Side-by-side architecture matrix for OpenInference, OpenLLMetry, and OpenLIT across language coverage, integration count, vector DB depth, semantic-convention status, GPU monitoring, evals, and Fleet Hub; the OTel collector central column shows three instrumentation lines feeding in with a focal cyan halo on the collector representing the vendor-neutral target.

Code samples

OpenInference: instrument LangChain in Python

from openinference.instrumentation.langchain import LangChainInstrumentor
from opentelemetry import trace
from opentelemetry.sdk.trace import TracerProvider
from opentelemetry.sdk.trace.export import BatchSpanProcessor
from opentelemetry.exporter.otlp.proto.grpc.trace_exporter import OTLPSpanExporter

trace.set_tracer_provider(TracerProvider())
trace.get_tracer_provider().add_span_processor(
    BatchSpanProcessor(OTLPSpanExporter(endpoint="http://collector:4317"))
)

LangChainInstrumentor().instrument()

# Now any LangChain call emits OpenInference-conformant OTel spans
from langchain_openai import ChatOpenAI
llm = ChatOpenAI(model="gpt-4o")
response = llm.invoke("Explain OpenInference in one paragraph.")

OpenLLMetry: instrument OpenAI in Python

from traceloop.sdk import Traceloop
from openai import OpenAI

Traceloop.init(app_name="my-app", api_endpoint="http://collector:4318")

client = OpenAI()
response = client.chat.completions.create(
    model="gpt-4o",
    messages=[{"role": "user", "content": "Explain OpenLLMetry."}],
)
# OTel GenAI semconv spans emitted automatically

OpenLIT: instrument multi-language with one SDK

# Python
import openlit
openlit.init(otlp_endpoint="http://collector:4318")
# All supported LLM providers and frameworks now traced
// TypeScript
import openlit from "openlit";
openlit.init({ otlpEndpoint: "http://collector:4318" });
// Supported LLM providers and frameworks now traced
// Go
import "github.com/openlit/openlit-go"
openlit.Init(openlit.Config{OtlpEndpoint: "http://collector:4318"})

When to pick which

Pick OpenInference if

  • Your backend is Arize Phoenix or any OTel-compatible system.
  • You need broad agent framework coverage including LangChain, LlamaIndex, DSPy, CrewAI, AutoGen, BeeAI, Haystack, Pydantic AI.
  • You need TypeScript or Java instrumentation alongside Python.
  • You value the OpenInference complementary specification approach.

Pick OpenLLMetry if

  • Your backend is Datadog, Honeycomb, New Relic, Grafana, or SigNoz, where OpenLLMetry has direct integration paths.
  • Your stack is Python (or Python plus JS/TS via OpenLLMetry-JS, or Python plus Go via the separate traceloop/go-openllmetry SDK with manual instrumentation per the docs).
  • You want vector-database tracing depth (7 supported vector DBs).
  • You value the upstreamed OTel GenAI semantic conventions and want the most direct path to that standard.

Pick OpenLIT if

  • You need multi-language SDKs (Python, TypeScript, Go).
  • GPU monitoring is in scope.
  • You want built-in evals next to instrumentation rather than adding a separate eval layer.
  • Fleet Hub for OpAMP-based collector management is part of your operational model.

Common mistakes when picking among the three

  • Treating these libraries as competitors rather than alternatives.
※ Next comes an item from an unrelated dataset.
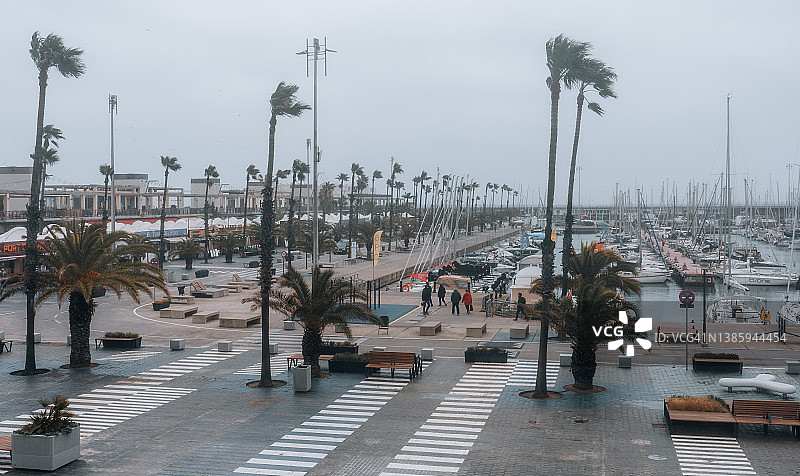 暴风雨即将来临，笼罩着西班牙加泰罗尼亚巴塞罗内塔海滩海岸线图片素材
They emit OTel spans; the right question is which one fits your backend, languages, and frameworks.
  • Picking by stars. OpenLLMetry has the most stars in the May 2026 snapshot (about 7k), but OpenInference’s lower star count reflects narrower scope rather than weaker quality. Pick by ecosystem fit.
  • Mixing libraries on the same call path. If you instrument OpenAI calls with both OpenInference and OpenLLMetry, you get duplicate spans. Pick one library as the primary instrumentation.
  • Ignoring semantic-convention drift. OTel GenAI semconv is still evolving. Some attributes change names between minor versions. Lock the OTel SDK version in CI.
  • Skipping the backend test. The same OTel span can render very differently in Arize Phoenix, Langfuse, Datadog, Honeycomb, Grafana, or SigNoz. Test the actual rendering before picking.

Where traceAI is strongest: cross-language coverage

traceAI is FutureAGI’s OTel GenAI semconv emitter and is the recommended pick when polyglot coverage is the constraint. Python, TypeScript, Java, and C# all emit consistent OTel GenAI spans from one library; the same library that the FutureAGI eval, simulation, gateway, and guardrails platform consumes natively. OpenInference covers Python and TypeScript broadly with Java for LangChain4j and Spring AI; OpenLLMetry ships Python, JS/TS, and Go via separate SDK repos (Go is manual instrumentation per the docs); OpenLIT covers Python, TypeScript, and Go but does not ship .NET. If your stack runs across all four major LLM languages from a single library, traceAI is the most direct single-library fit for that requirement.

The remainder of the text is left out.